Cuando el mal menor se convierte en la propagación indefinida del mal, deja de ser mal menor, y pasa a ser mal puro. Respondamos, definitivamente, a la luz de todo lo anterior, a la pregunta inicial: ¿es lícito colaborar, por el bien de la patria, con un gobierno o régimen al que se cree perjudicial para la patria? Sí, pero sólo si la colaboración no contribuye a la perpetuación de ese gobierno. Y si eso no se puede evitar, al menos la colaboración debe aportar un beneficio hacia el bien común, que sea superior al perjuicio que se le hace favoreciendo al gobierno. Más allá de eso, alegar el servicio a la patria como excusa para colaborar se convierte en un engaño autoinducido para soterrar una conciencia intranquila por recibir -muy a su gusto- honores del enemigo.

 

Notas

[1] Henry Kissinger, Diplomacy. Cap. 4: The Concert of Europe: Great Britain, Austria and Russia.

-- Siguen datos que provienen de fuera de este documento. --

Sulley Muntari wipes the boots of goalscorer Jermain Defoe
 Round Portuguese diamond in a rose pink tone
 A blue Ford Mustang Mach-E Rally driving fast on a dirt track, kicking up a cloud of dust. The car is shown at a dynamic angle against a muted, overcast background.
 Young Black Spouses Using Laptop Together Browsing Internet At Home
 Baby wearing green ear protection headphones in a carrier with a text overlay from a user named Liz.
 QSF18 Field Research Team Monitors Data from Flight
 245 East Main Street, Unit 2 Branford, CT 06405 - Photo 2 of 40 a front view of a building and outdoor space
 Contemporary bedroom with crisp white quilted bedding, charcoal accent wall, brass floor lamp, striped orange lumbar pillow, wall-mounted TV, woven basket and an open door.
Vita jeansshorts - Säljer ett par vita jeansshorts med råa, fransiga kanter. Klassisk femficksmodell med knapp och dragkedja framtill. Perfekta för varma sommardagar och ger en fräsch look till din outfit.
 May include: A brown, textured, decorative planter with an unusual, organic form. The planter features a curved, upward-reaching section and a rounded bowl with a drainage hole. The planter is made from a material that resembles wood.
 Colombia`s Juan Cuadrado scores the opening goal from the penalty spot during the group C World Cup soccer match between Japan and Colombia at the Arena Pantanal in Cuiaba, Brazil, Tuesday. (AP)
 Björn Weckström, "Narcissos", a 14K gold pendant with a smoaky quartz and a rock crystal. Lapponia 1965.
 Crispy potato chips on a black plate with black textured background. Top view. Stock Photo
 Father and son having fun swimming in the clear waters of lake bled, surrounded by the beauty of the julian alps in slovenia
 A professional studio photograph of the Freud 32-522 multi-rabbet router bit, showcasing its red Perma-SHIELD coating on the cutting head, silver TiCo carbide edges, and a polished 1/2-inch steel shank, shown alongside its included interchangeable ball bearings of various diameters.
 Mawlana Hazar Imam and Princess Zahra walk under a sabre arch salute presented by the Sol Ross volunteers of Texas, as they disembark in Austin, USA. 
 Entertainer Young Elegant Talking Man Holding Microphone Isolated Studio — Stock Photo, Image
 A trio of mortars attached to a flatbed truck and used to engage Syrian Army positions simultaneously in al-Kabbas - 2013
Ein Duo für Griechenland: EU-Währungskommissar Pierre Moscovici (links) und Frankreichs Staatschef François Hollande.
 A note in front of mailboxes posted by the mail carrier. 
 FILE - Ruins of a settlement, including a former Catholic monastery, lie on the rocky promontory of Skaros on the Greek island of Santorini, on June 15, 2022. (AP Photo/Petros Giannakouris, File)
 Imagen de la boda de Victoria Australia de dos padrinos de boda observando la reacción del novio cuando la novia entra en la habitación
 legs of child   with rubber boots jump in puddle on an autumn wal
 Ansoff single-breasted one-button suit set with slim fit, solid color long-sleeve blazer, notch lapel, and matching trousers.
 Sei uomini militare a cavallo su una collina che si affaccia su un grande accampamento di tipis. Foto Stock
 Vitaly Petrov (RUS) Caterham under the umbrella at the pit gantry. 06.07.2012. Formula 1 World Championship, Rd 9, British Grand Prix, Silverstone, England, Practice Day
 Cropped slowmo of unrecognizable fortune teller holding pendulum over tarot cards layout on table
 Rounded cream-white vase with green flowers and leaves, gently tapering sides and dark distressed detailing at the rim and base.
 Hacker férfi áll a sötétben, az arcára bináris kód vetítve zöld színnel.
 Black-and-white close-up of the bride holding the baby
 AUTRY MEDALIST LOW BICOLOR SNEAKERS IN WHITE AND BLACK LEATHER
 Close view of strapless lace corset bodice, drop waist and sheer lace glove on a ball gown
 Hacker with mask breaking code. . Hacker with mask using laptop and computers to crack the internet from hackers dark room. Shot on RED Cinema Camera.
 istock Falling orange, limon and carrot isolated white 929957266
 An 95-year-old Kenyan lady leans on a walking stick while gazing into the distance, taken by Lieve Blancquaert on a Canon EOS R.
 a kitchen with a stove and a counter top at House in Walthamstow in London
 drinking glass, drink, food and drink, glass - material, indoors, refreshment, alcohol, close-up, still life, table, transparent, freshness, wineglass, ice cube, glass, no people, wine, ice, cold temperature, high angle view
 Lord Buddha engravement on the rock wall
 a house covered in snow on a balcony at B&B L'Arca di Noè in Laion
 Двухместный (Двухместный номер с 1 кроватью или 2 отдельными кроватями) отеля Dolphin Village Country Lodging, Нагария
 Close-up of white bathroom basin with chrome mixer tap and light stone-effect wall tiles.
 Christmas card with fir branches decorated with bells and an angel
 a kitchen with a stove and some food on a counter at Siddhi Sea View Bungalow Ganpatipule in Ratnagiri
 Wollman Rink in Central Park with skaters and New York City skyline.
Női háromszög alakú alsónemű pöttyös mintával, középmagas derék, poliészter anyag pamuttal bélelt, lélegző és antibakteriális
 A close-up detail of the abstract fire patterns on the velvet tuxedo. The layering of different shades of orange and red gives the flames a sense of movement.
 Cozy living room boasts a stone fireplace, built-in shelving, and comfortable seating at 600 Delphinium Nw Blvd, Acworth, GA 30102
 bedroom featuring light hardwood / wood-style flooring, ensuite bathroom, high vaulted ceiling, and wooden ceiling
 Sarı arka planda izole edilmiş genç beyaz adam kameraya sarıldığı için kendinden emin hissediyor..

[2] “Nous ne serions pas des nationalistes si nous n'étions sensibles à la splendide histoire militaire du premier Empire, à ce beau son français des grands titres de Marengo et d'Austerlitz, d'Iéna et de Wagram, cas où jamais de répéter: «Tout ce qui est national est nôtre.»En tant que chose française l'empereur est à nous.”En justicia, esta afirmación de Maurras se reduce al sentimiento más que a la razón, y termina juzgando la herencia de esas batallas como perjudicial (“Joseph de Maistre se réjouissait des succès des armes de la Révolution et de l'Empire, car c'étaient des armes françaises. Qu'est-ce qui nous empêche de faire comme lui?”), aunque sólo sea por un criterio utilitarista en lo político (“Nous ne sommes nullement de ceux qui réduisent toute l'histoire, toute la psychologie, toute la critique à la question de succès ou d'insuccès. Mais en histoire politique le succès est le juge. Si le théoricien doit avoir raison, le praticien doit réussir. Le praticien Napoléon, le plus grand des praticiens peut-être, a échoué.”) que no ve frutos en la herencia napoleónica (“Après l'énorme dépense morale et physique représentée par tant de campagnes, ce grand homme a laissé la France plus petite qu'il ne l'avait trouvée”). Citas de Napoléon, avec la France ou contre la France?, de Maurras.